▸ Dataset records

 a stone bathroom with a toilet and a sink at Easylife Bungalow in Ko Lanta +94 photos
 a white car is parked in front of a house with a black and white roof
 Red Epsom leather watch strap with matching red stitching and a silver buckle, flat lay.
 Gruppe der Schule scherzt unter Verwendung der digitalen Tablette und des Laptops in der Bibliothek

==

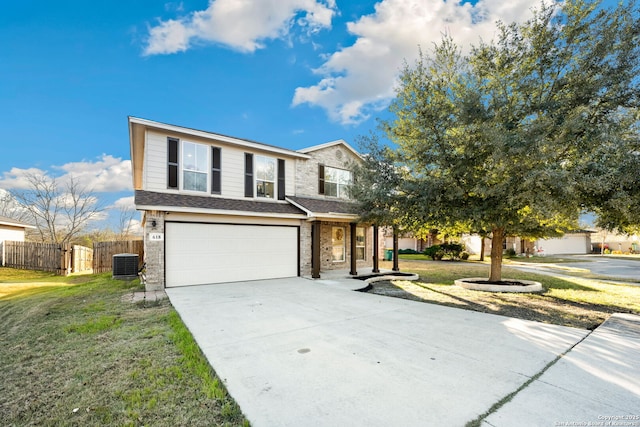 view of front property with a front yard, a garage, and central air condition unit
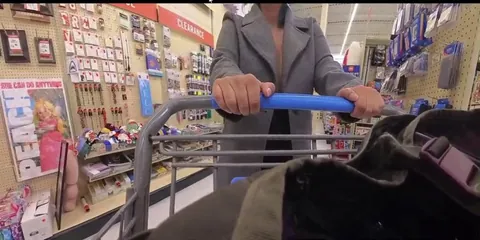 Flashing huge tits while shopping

...

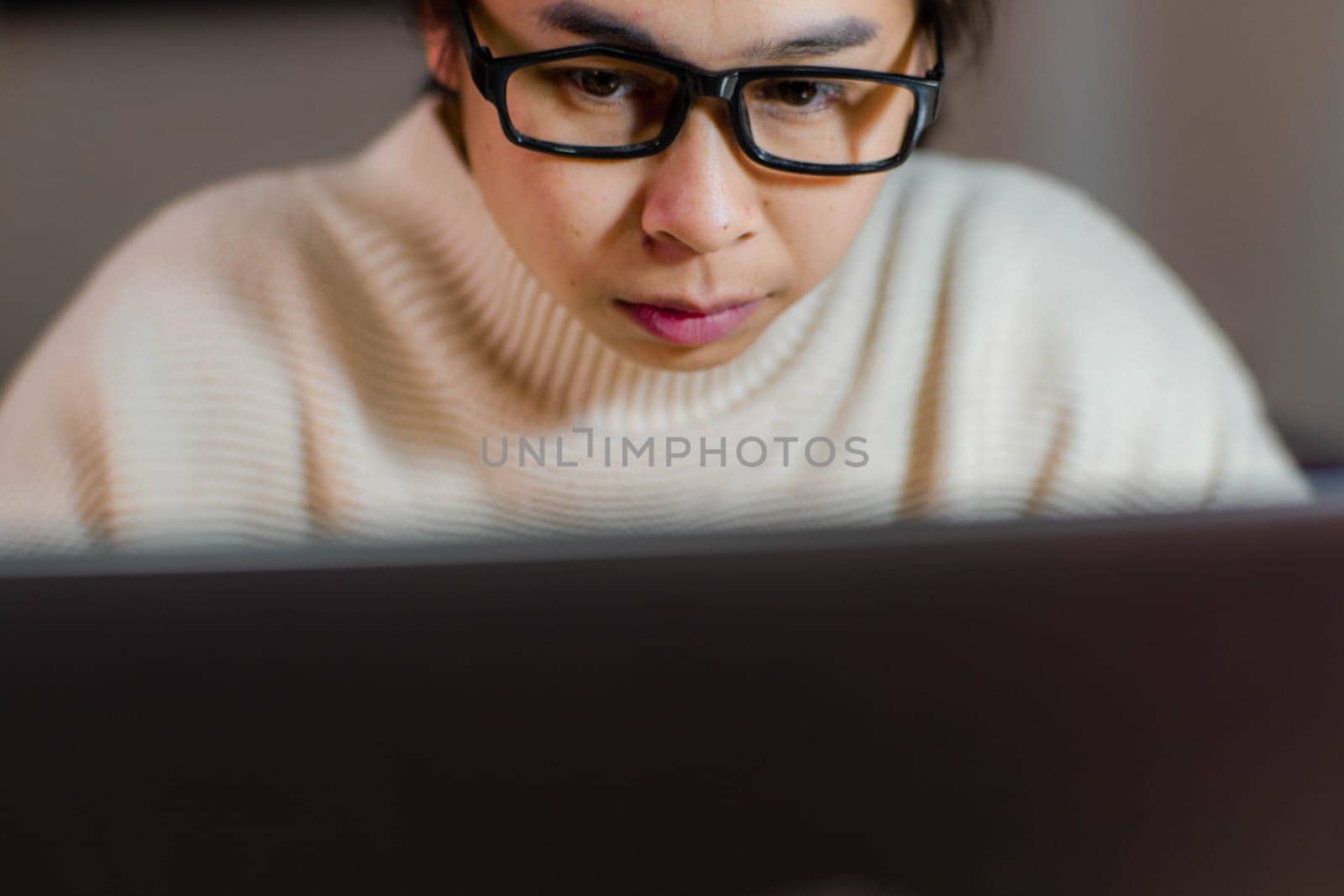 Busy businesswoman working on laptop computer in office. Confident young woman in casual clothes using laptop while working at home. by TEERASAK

▸ Work instructions
Reproduce exactly the lines of the records above from the one with "a stone bathroom" to the one with "Gruppe der Schule", both included, and leave out everything else.

▸ Exercise answer
 a stone bathroom with a toilet and a sink at Easylife Bungalow in Ko Lanta +94 photos
 a white car is parked in front of a house with a black and white roof
 Red Epsom leather watch strap with matching red stitching and a silver buckle, flat lay.
 Gruppe der Schule scherzt unter Verwendung der digitalen Tablette und des Laptops in der Bibliothek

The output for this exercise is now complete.